### WHAT THE TASK ASKS
Transcribe each record precisely; images stay out.
*** Opening TASK DATA ***
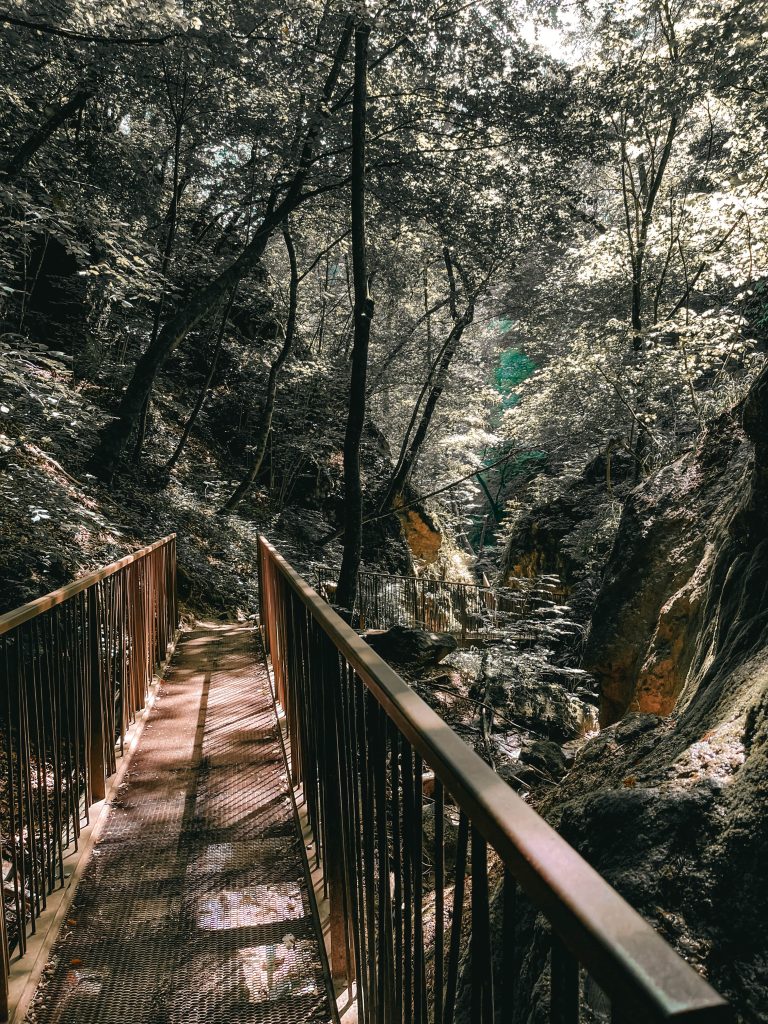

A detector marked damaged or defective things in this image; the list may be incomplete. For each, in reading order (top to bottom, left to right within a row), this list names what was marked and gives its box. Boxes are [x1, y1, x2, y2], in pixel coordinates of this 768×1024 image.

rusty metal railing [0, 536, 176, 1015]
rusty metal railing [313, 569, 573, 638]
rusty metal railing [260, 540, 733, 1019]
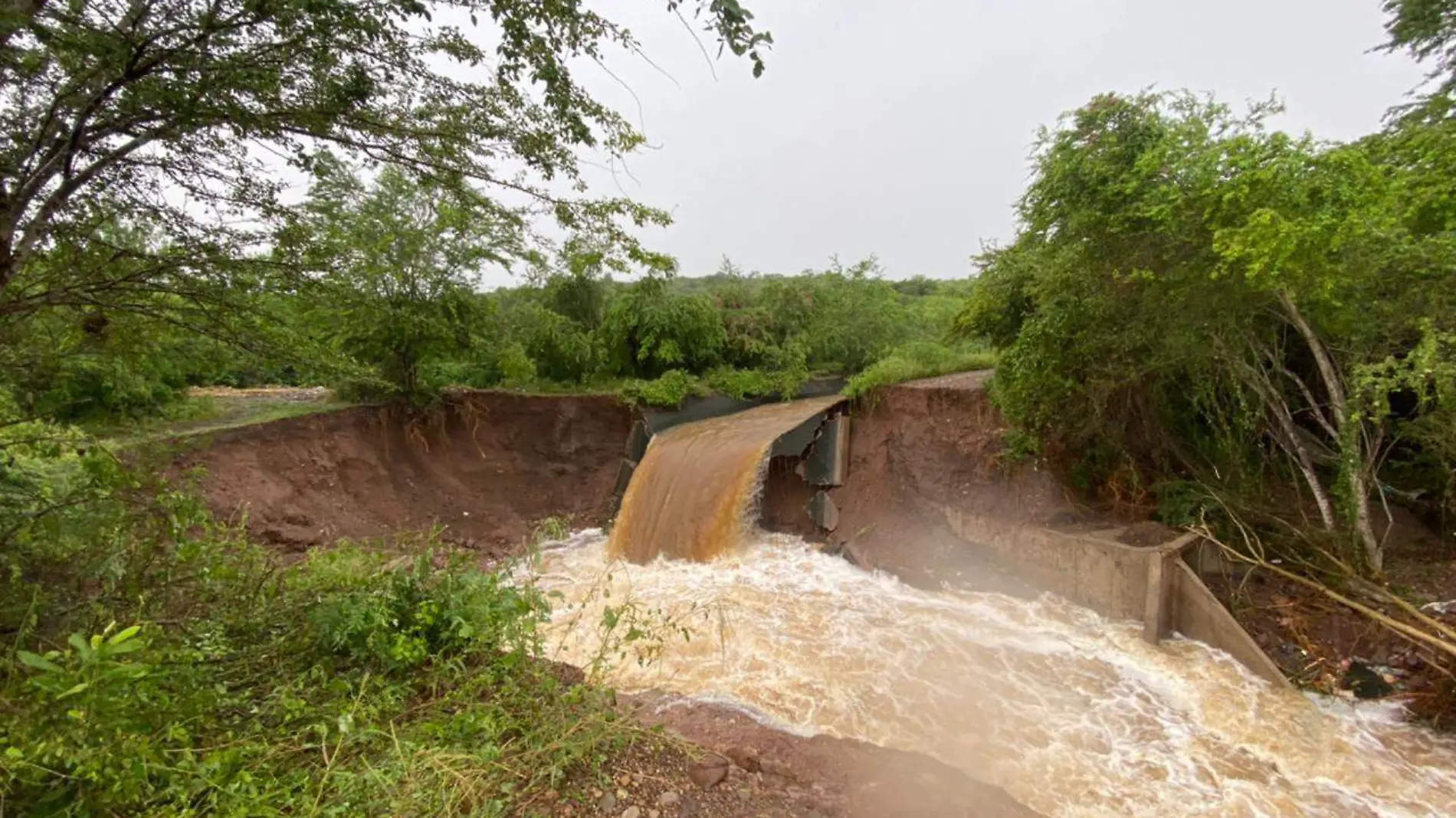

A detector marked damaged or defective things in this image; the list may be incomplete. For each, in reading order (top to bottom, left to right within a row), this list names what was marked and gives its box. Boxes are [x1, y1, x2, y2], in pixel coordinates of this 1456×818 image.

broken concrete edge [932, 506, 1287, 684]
*** Closing TASK DATA ***
### SOLVED PROBLEM
A detector marked damaged or defective things in this image; the list may be incomplete. For each, in reading order (top to bottom, left to right within a row), this list names what was marked and gives its box. Boxes are [x1, y1, x2, y2], in pixel coordinates of this 768×1024 image.

rusty metal railing [0, 536, 176, 1015]
rusty metal railing [313, 569, 573, 638]
rusty metal railing [260, 540, 733, 1019]

A detector marked damaged or defective things in this image; the list may be incomplete. For each, in reading order (top to bottom, left to right within a row), this list names what was marked and gives its box. Boxes are [x1, y1, x2, y2], in pixel coordinates of this 1456×818 image.

broken concrete edge [932, 506, 1287, 684]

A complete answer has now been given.